There have always been markets. Capitalism, by contrast, is relatively new. Its laws of motion first emerged in Europe in the fifteenth and sixteenth centuries, and reached escape velocity with industrialization in the eighteenth and nineteenth.
If capitalism didn’t invent markets, however, it did make markets much more important. The historian Robert Brenner observes that capitalism is defined above all by market dependence. Pre-capitalist peasants can trade and barter, but they don’t depend on the market for life’s necessities: they grow their own food. In capitalist societies, on the other hand, the market mediates your access to the means of subsistence. You must buy what you need to survive, and to have the money to do so, you must sell your labor power for a wage.
Market dependence doesn’t exist for its own sake. It serves an important function: to facilitate accumulation. Accumulation is the aim of any capitalist arrangement: to take a sum of value and make more value out of it. While markets are certainly central to capitalism, they aren’t what makes it tick. Accumulation is. To put it in a more Marxist idiom, capital is value in motion. As it moves, it expands. Capitalism, then, is a way to organize human societies for the purpose of making capital move.

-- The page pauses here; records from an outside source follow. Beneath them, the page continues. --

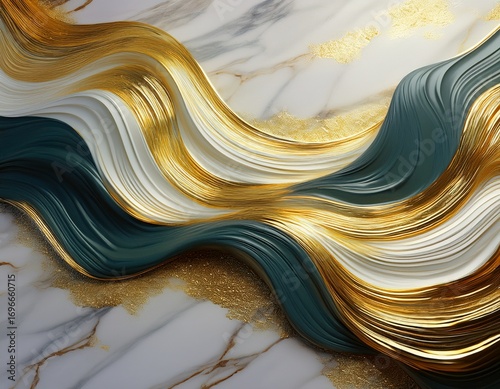3d rendering of a wave on a marble surface with gold foil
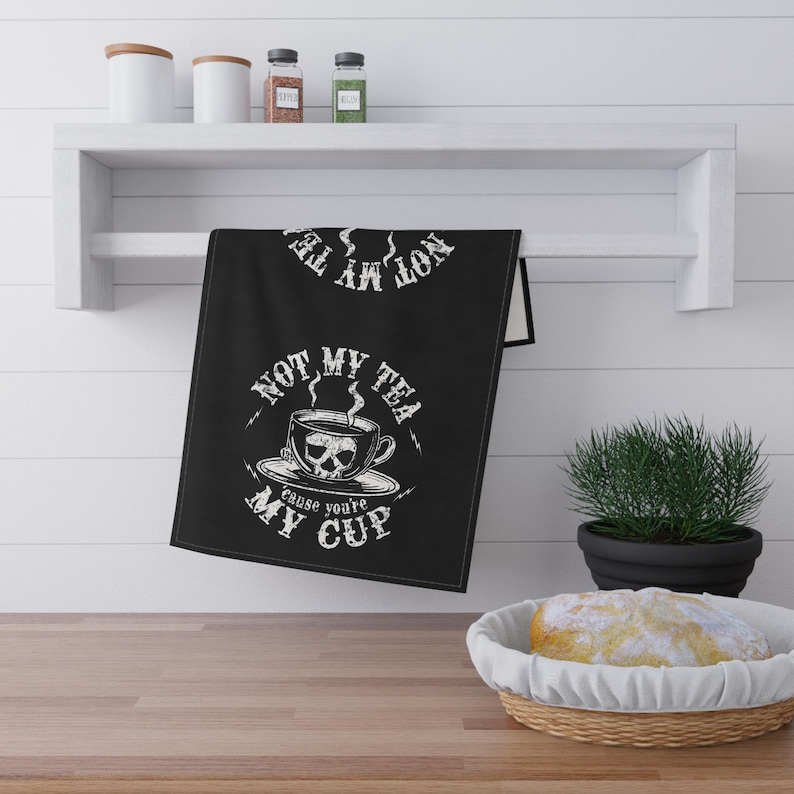 Skull Teacup Tea Towel | Gothic Kitchen Decor, Dark Humor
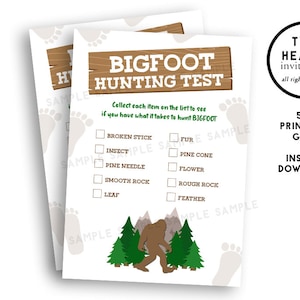 Bigfoot Game Scavenger Hunt Printable 5x7 Instant Download Test Birthday Party Digital Kids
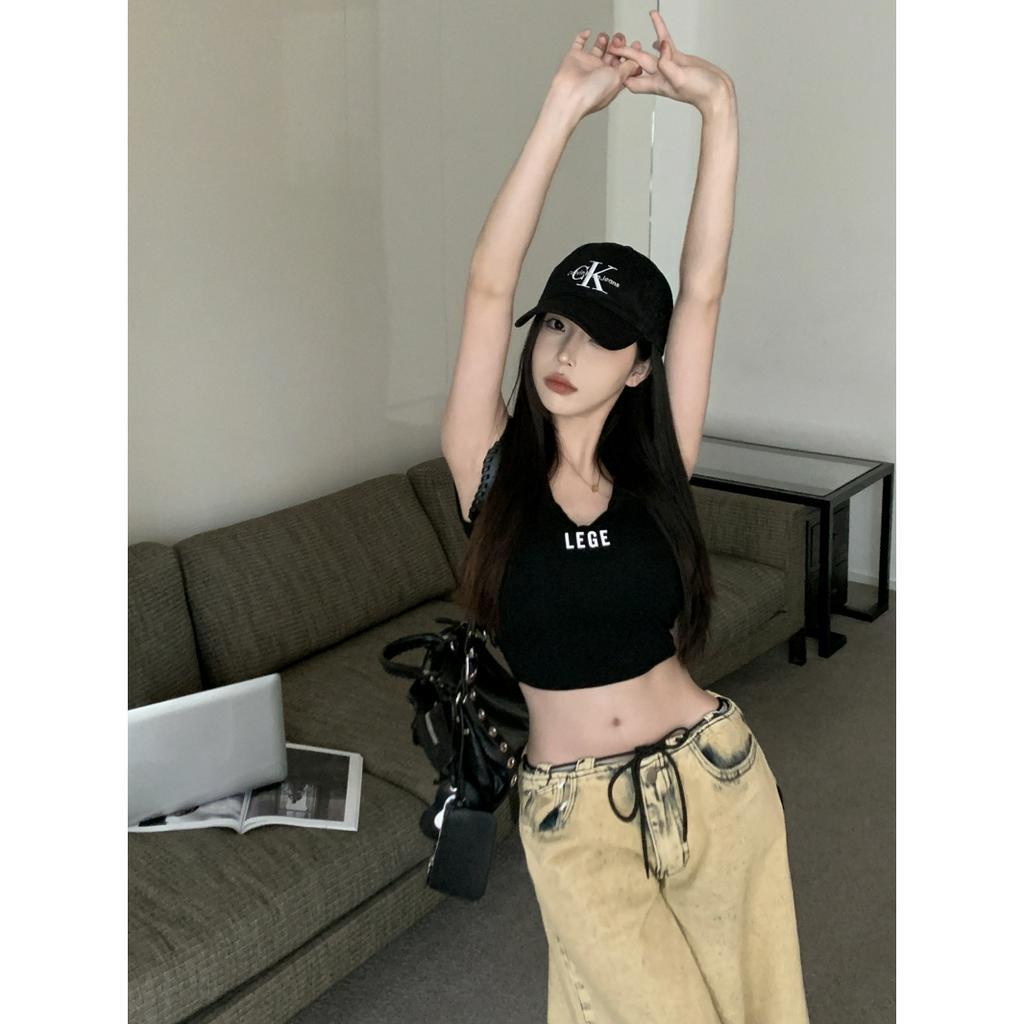 Cocory vn Áo Tank Top Ôm Dáng In Chữ Thời Trang Mùa Hè Quyến Rũ Cho Nữ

There are a few different methods for making capital move. The principal one is for capitalists to purchase people’s labor power, use it to create new value in the form of commodities, and then realize that value as profit by selling those commodities. A portion of the proceeds are reinvested into expanding production, so even more commodities can be made at lower cost, thus enabling our capitalist to compete effectively with the other capitalists selling the same commodities.
This may seem entirely obvious, but it’s actually a very distinctive way of doing things. In other modes of social organization, the point of production is to directly fulfill people’s needs: think of subsistence farmers, growing food for their families to eat. Or the point is to make the rulers rich: think of the slaves of ancient Rome, doing the dirty work so that imperial elites could lead lives of luxury.
What makes capitalism so unusual is that production (and accumulation) isn’t for anything exactly, aside from making it possible to produce (and accumulate) more. This obsession gives capitalism its extraordinary dynamism, and its revolutionary force. It utterly transforms how humans live and, above all, how they produce. Capitalism forces people to produce together, in increasingly complex combinations of labor. Production is no longer solitary, but social.